Certainly learn Cycles. Although it might be a while, it will be the primary renderer of choice sooner rather than later, even if BI won’t be dropped for a while. I say that because, although Cycles has a bad reputation of being slow to render animation, that reputation is about to change. I stopped using it for about two weeks to focus on BI (because I thought it was faster in animation) and just came back to try the new Cycles builds. AND MAN IS IT FAST NOW! Cycles smokes BI in animation now. I’ll get a lot of argument. But I just spent 3 days doing a BI animation render. I couldn’t stomach it anymore. I put the same model in the newest Cycles build, and it ate the model for breakfast. Just BLAZING. Yes, I have a good GPU. But it wasn’t that expensive. You probably have one anyway.
There are a lot of reasons to recommend Cycles, so I won’t list them all. Simply put, start visiting the “Cycles new cpu/gpu renderer of awesomeness thread” in Blender Tests and suck down the NoDoze. Study hard. You’ll love it.
It used to be really crashy. But I’ve noticed that it’s actually becoming hard to crash these days.
It keeps getting better, and it will only get faster and more feature complete with time. It’s a great engine.
Welcome aboard.

it will become obsolete because there is no one actively developing it, so it will stay more or less at the level it currently is. But the rest of rendering landscape will improve and evolve. Obsolution starts the moment you stand still and don’t change.

Cycles however won’t remain at the level it currently is, it will get better and better. After mango is done it will be far more advanced than it currently is. I think rendering speed is too narrow a feature to focus on. If cycles has rendering passes,and a full on shading language that allows you to write custom shaders, frankly that will push it so far ahead of the game.

I would go into cycles, because it’s the most fun to work with _ of all renderers I’ve tried! even better than v-ray.

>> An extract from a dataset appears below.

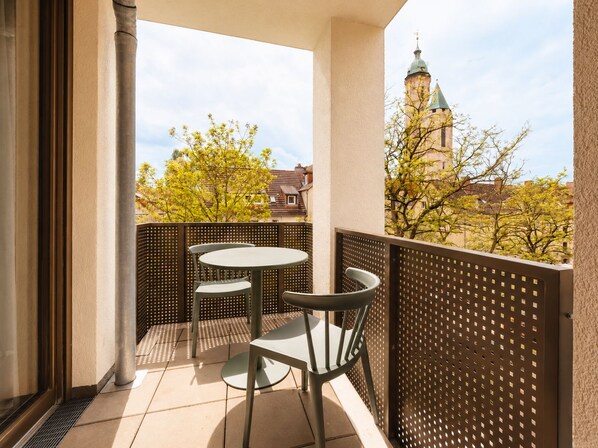 Un balcón con mesa y sillas, vista de un edificio con torre y árboles de hojas amarillas.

It’s also good get into the renderman compliant thinking and programmable shaders (with nodes! double joy)

Not a 100% related but I have a cycles tutorial on materials: http://thinkingcg.com/index.php/blender-tutorials/cycles-materials
I hope Blender Internal sticks around for a while, There you can cheat and I haven’t found Lux or Cycles settings where I can render a complex scene in less than 5 min. Btw. Fryrender’s demoreel looked like it combines cheating with unbiased rendering, too bad it’s so expensive. I do like the light “cheats” that cycles already has.

If you’re wanting to learn a biased renderer ( and it is normally handy to have one ) I would recommend learning something like aqsis or 3delight.

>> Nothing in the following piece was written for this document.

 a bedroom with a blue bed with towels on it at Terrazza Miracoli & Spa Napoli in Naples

Biased rendering is very useful, and many professional studios still prefer it to unbiased.

The main reason unbiased rendering seems faster to people is because they don’t take advantage of many of the tricks, such as baking and and reflection mapping.

Don’t limit yourself to one engine. Freedom of choice is a beautiful thing under any circumstances.

render-man renderers have about the steepest learning curve of any renderers out there. If you want to go this route I would advise you to grab a book and be prepared to really sit down and study. For a biased engine for a beginner BI is the better choice.

Thanks for the replies and input everyone. I think I’ll go with the general consensus and just learn both!

very useful topic for newbies like me !

But I’ve noticed that it’s actually becoming hard to crash these days.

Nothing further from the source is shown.